» **Task brief**
Copy nothing but the line with "Nike Pro 5 Shorts Women" and the lines that follow it to the end of the entries below, and keep the pictures out.

» **Data to examine**
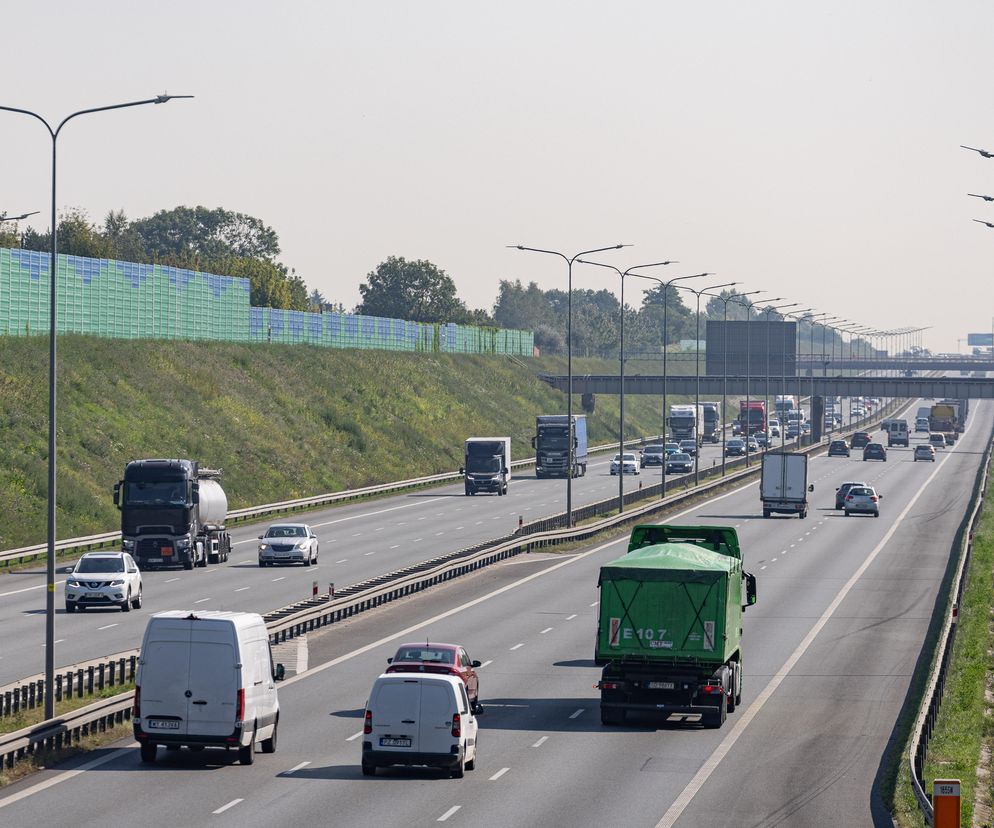 Autostrada A2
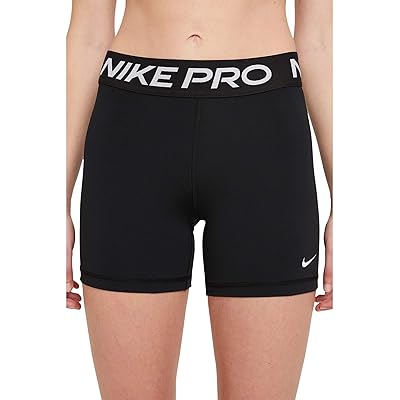 Nike Pro 5 Shorts Women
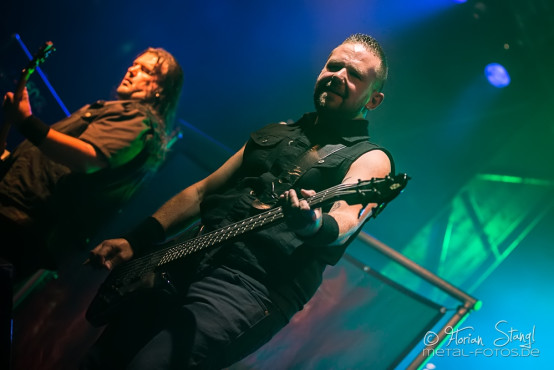 brainstorm-rockfabrik-nuernberg-12-9-2014_0065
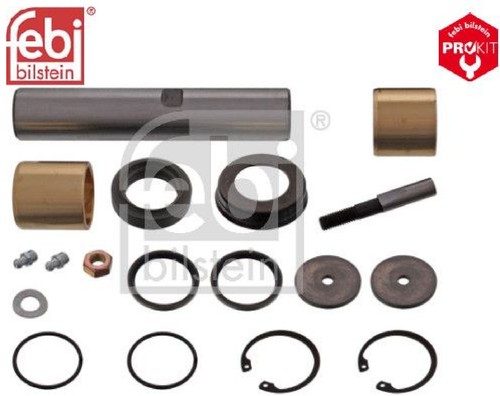 Febi bilstein 30281 - febi,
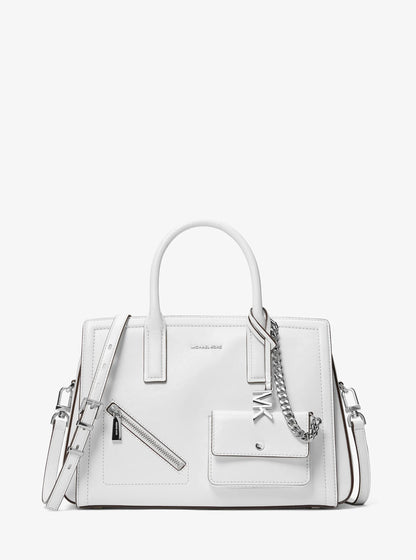 OPTIC WHITE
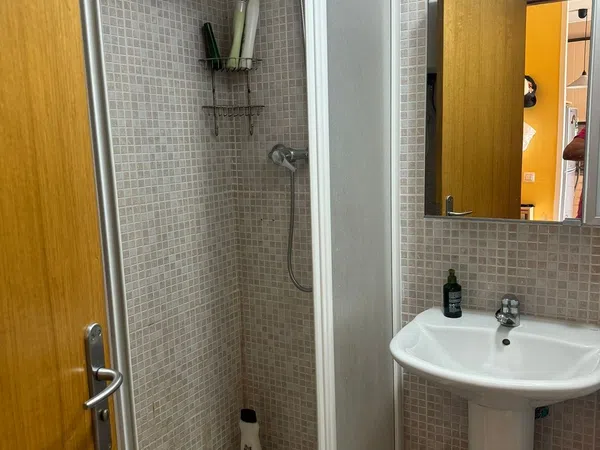 Piso en Eridano, 3 - Foto 11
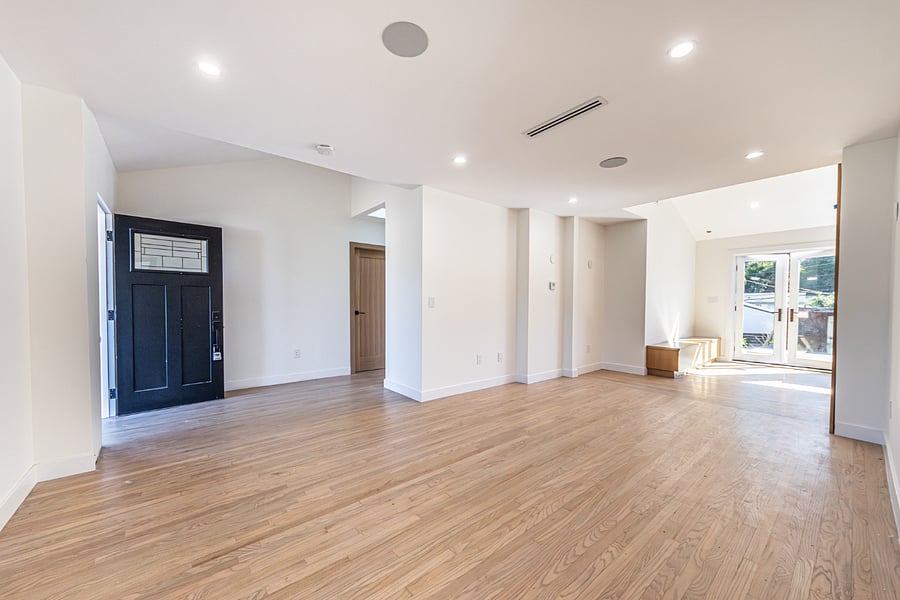 Furnished Finder property 1030738_1 photo 14
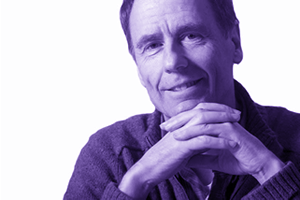 galeburns's profile picture.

» **Output below**
 Nike Pro 5 Shorts Women
 brainstorm-rockfabrik-nuernberg-12-9-2014_0065
 Febi bilstein 30281 - febi,
 OPTIC WHITE
 Piso en Eridano, 3 - Foto 11
 Furnished Finder property 1030738_1 photo 14
 galeburns's profile picture.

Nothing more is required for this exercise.